# Caution! Copperhead strikes from the rocks......



## SELFBOW (Sep 21, 2014)

This season has been full of highs and lows so far. Started Aug 15th w a miss in SC, a high shot. Have had plenty of misses at squirrels as well. It seems Ive been struggling w focusing. 

Anyhow yesterday I sat a promising group of crabapples


and missed a gimme at 14 yds on a doe. She did duck but Im not sure just how much she was to blame.

So Today I met up w NavyDave who just got back from deployment and updated him on whats been going on. Told him we had 2 spots to pick from for the evening hunt and he got first choice so off I go to sit a natural travel corridor alongside a group of rocks topped w white oaks

Always a good spot, last year my first sit I made a low shot on a spike and it really depressed me and I put the bow down for 2 weeks before killing my pig and starting an enjoyable Oct thru Dec of hunting.

So anyhow I get settled in and hear what I think is a squirrel to my right and look over and its a deer. He comes out to edge of rocks and starts eating whatever green he can find when he turned to walk the trail my way I knew what was gonna happen. He made it to me quickly and stopped right in the opening like it was written...

He put his head down just in front the small pine quartering away and I sent a wooden arrow named "Caution" on its way. Perfect hit, I see blood immediately and the deer makes it 30 yds and crashes.   I had to sit down cause my right leg was doing an Elvis impression and even sitting it took a good while for it to stop....I climbed down quickly and went to impact site. Blood was good for 25 yds.....


and then I lost it...I was pretty sure he didn't keep running the direction last blood seen was so I started looking to the sides and found him behind a log about 5 yds away.....

This really made me feel good after a couple misses to start the season. Hopefully I can find another gear now...

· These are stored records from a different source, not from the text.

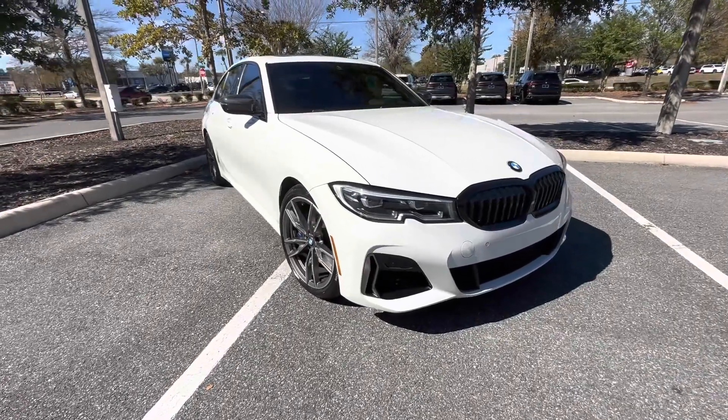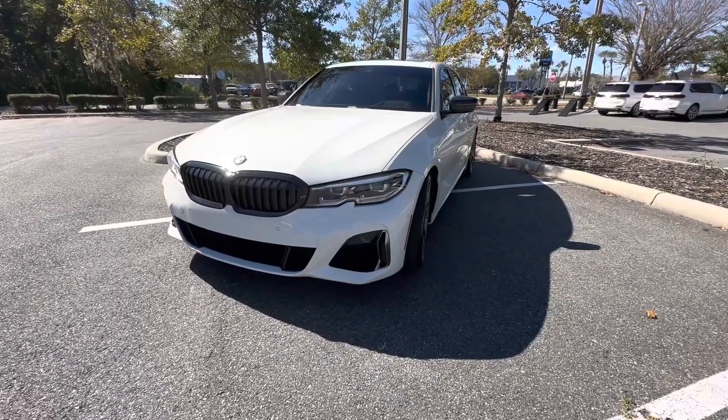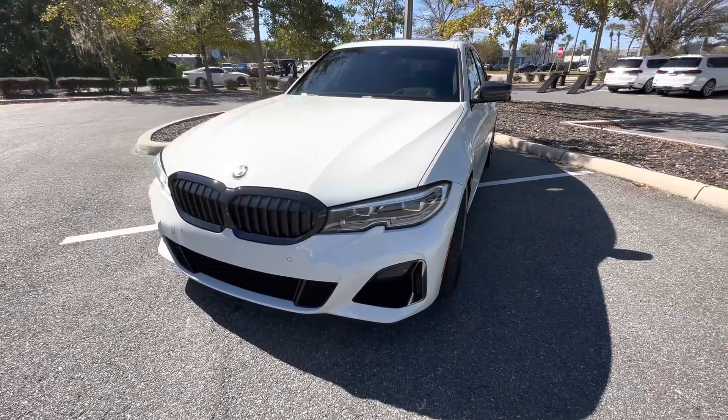Thank you for your interest in our 2020 BMW M340i. The BMW M340i comes with BMW's 3-liter twin-powered turbo inline-six.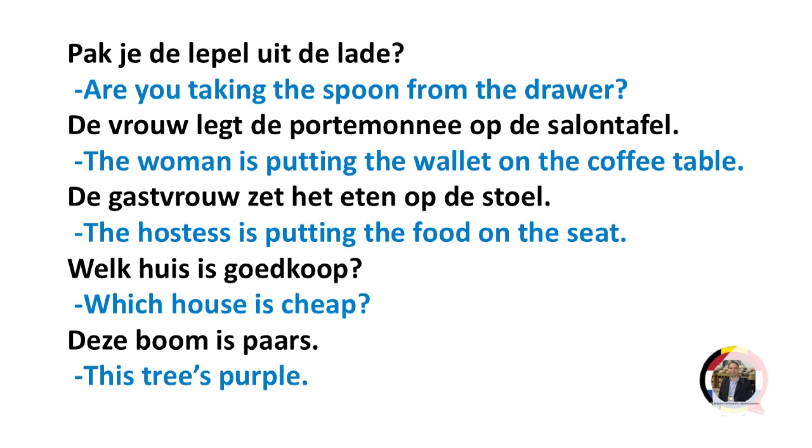Welk huis is goedkoop? Which house is cheap?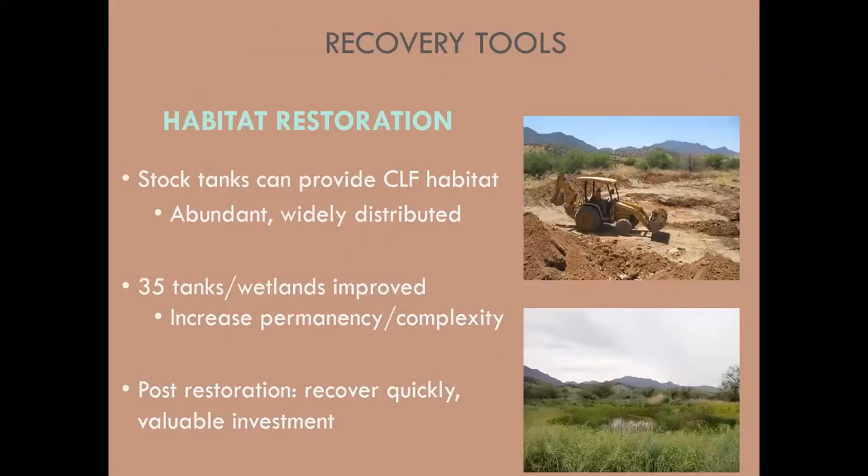Habitat restoration is another recovery tool. Suitable Chiricahua leopard frog habitat includes not just natural water systems but artificial structures like stock tanks, which are advantageous because they're abundant and widely distributed on the landscape. As long as they hold permanent water and don't have non-native species, they can contribute to metapopulation dynamics. In the last 10 years, we've worked with many partners to improve permanency of water and habitat complexity at stock tanks, springs, wetlands, and riparian areas — improving habitat at almost three dozen sites.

I field dressed him and it was shot thru the heart...One of Dendys wood arrows and a Bear Razorhead...
Here's the exit.


----------



## Todd Cook (Sep 21, 2014)

Good deal Martin! Man I like watching your adventures with that selfbow!


----------



## Glenn (Sep 21, 2014)

Awesome!


----------



## swackinswampdonkeys (Sep 21, 2014)

This is just awesome! Love the arrow names. Dendy makes some killing machines!! Great shot and great story keep putting um down!


----------



## ngabowhunter (Sep 21, 2014)

Awesome. He looks like the one that came in behind me yesterday evening. The wind was calm and I think he smelled me and turned and slowly walked off.


----------



## Clipper (Sep 21, 2014)

Good hunt and good story.  I love the pictures you post of that bow.  Absolutely beautiful.


----------



## robert carter (Sep 21, 2014)

Good job Martin. Fine spike contest contender.RC


----------



## sawtooth (Sep 21, 2014)

I love it. Good job man. Excellent shot! That's the way it's supposed to happen.


----------



## Dennis (Sep 22, 2014)

Good job


----------



## dm/wolfskin (Sep 22, 2014)

Great hunt and shot Martin. Is that a real spike?


----------



## Blueridge (Sep 22, 2014)

Good one, congrats .


----------



## GrayG (Sep 22, 2014)

Congratulations. Heck of a shot!


----------



## Apex Predator (Sep 22, 2014)

Good shot bud!


----------



## Barry Duggan (Sep 22, 2014)

Good stuff Martinez.


----------



## NCHillbilly (Sep 22, 2014)

Congrats-doesn't get any better than that!


----------



## blood on the ground (Sep 22, 2014)

Very nice


----------



## pine nut (Sep 22, 2014)

You da man Martin!  Good kill!


----------



## tee p (Sep 22, 2014)

That's sweet!!!!


----------



## SOS (Sep 22, 2014)

Remind me not to step in front of that snake!  Awesome.


----------



## johnweaver (Sep 24, 2014)

That snake is a  Killer!!!!


----------



## eman1885 (Sep 26, 2014)

that is awesome. one day id like to go primitive...one day


----------



## 2wheelfoster (Oct 1, 2014)

Way to go Martin!


----------



## EAGLE EYE 444 (Oct 1, 2014)

I opened this thread expecting to see that someone had gotten bitten by a copperhead and hopefully was wearing their snake proof boots etc.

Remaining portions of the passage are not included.